Work request: Print the data exactly. Omit the pictures.

Source material:
○ ○ ○

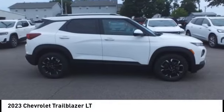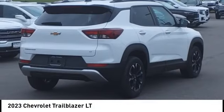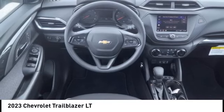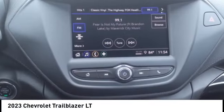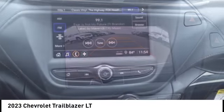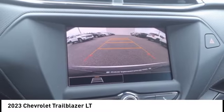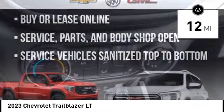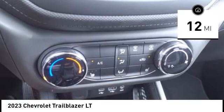We are pleased to show you the 2023 Trailblazer. The Chevrolet Trailblazer is a stylish crossover with plenty of upside on the inside as well. Safety, comfort, features, and style are all found in abundance with the Trailblazer. This vehicle has less than 100 miles. Here are some of this vehicle's great options.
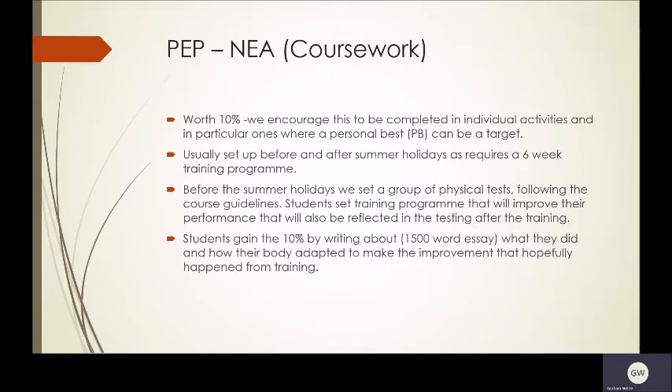This is usually set up before and after summer holidays as it requires a six-week training programme. Students design this before the summer holidays and take part in it during the holidays, then we process it afterwards. Also before the summer holidays, we set up a group of physical tests following the course guidelines. Students set the training programme that will improve their performance, and hopefully this will be reflected in the testing after the training.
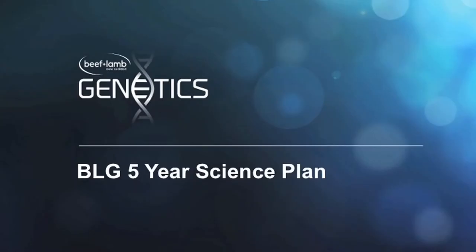Next on the agenda, we're having a look at the overall program over the next five years. But to start with, we want to review the status of science as it is coming out of Ovita. And no better person to do that is John McEwan.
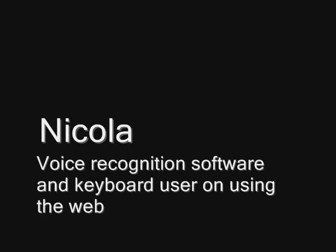Nicola, a voice recognition software and keyboard user on using the web. My name is Nicola. I don't use a mouse anymore. I use Dragon Naturally Speaking voice recognition software and also tend to use a keyboard, and I in fact avoid using a mouse if I possibly can.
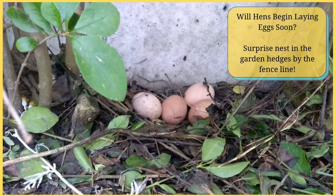So I hope that helps give you an idea of when your hens may be starting to lay. Thank you for watching. Bye!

○ ○ ○

Answer to this exercise:
We are pleased to show you the 2023 Trailblazer. The Chevrolet Trailblazer is a stylish crossover with plenty of upside on the inside as well. Safety, comfort, features, and style are all found in abundance with the Trailblazer. This vehicle has less than 100 miles. Here are some of this vehicle's great options.
This is usually set up before and after summer holidays as it requires a six-week training programme. Students design this before the summer holidays and take part in it during the holidays, then we process it afterwards. Also before the summer holidays, we set up a group of physical tests following the course guidelines. Students set the training programme that will improve their performance, and hopefully this will be reflected in the testing after the training.
Next on the agenda, we're having a look at the overall program over the next five years. But to start with, we want to review the status of science as it is coming out of Ovita. And no better person to do that is John McEwan.
Nicola, a voice recognition software and keyboard user on using the web. My name is Nicola. I don't use a mouse anymore. I use Dragon Naturally Speaking voice recognition software and also tend to use a keyboard, and I in fact avoid using a mouse if I possibly can.
So I hope that helps give you an idea of when your hens may be starting to lay. Thank you for watching. Bye!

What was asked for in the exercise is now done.